Todo indica entonces que los demócratas venezolanos –aparte de una u otra declaración de los EE UU- no deberán contar con mucho apoyo internacional en su lucha en contra del régimen de Maduro. Tendrán que arreglárselas -como ocurrió con Solidarnosc y con Carta 77 en Europa- con sus propios medios. Por muy pocos que estos sean.
Hubo una tímida referencia solidaria, cuando John Fitzgerald Kennedy dijo en Alemania (Ich bin ein berliner, algo así, soy pésimo para ese idioma) «Yo soy un berlinés», y ya más cerca del colapso endógeno de la URSS, Ronald Reagan, a un lado del oprobioso Muro, pronunció su célebre frase, dirigida a «Mister Gorvachov, Tear down this wall».
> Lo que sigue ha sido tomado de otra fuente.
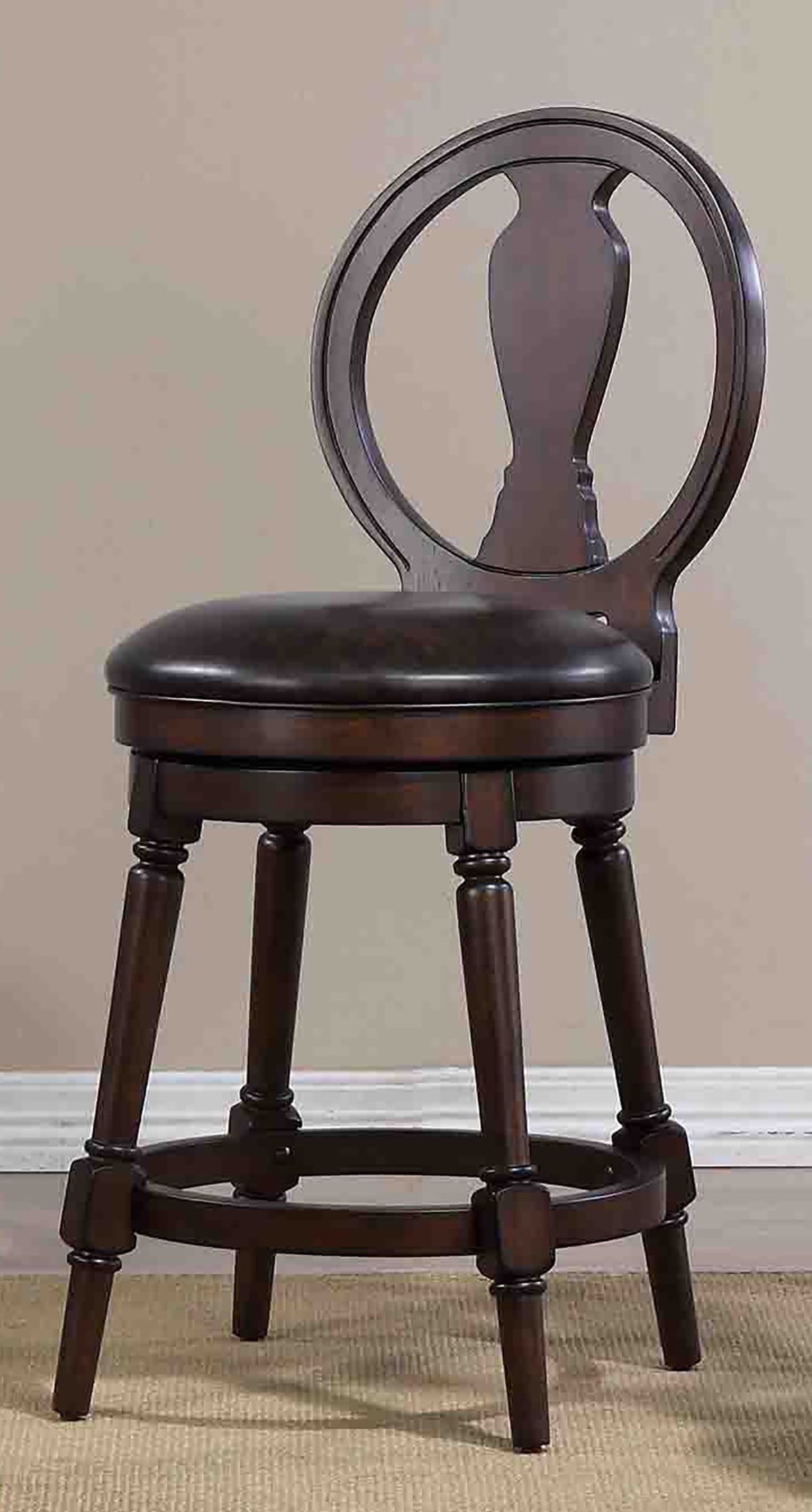 Candace Counter Height Swivel Stool, Walnut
Aunque ya no son los dos pilares primordiales del bipartidismo, AD y COPEI aún sobreviven -con menos militantes, pero significativa actividad- coexistiendo con un rosario de nuevos partidos (algunos surgidos de los dos principales mencionados, son como un remake de los originales), y AD-COPEI tuvieron importante figuración en la Socialdemocracia y en la Democracia Cristiana europeas, que deberían mostrar alguna solidaridad por sus colegas en desgracia.
Con Lula, Mujica, Bachelet y Dilma (estas dos seriamente involucradas en escándalos de Corrupción, la chilena obligada a no intervenir en el caso que señala a su hijo y a su nuera), ocurre que tienen viejas Hipotecas ideológicas con el estalinismo tradicional, lo que los obliga a portarse bien en sus respectivos países, donde las leyes y la autonomía de los poderes no les permiten cometer los excesos y anacronismos que aplauden con entusiasmo y complicidad en Cuba y en Venezuela, países donde se convierten en «pioneritos» y regresan a sus raíces, con la disciplina del Foro de Sao Paulo y el culto a Fidel, al rojo vivo.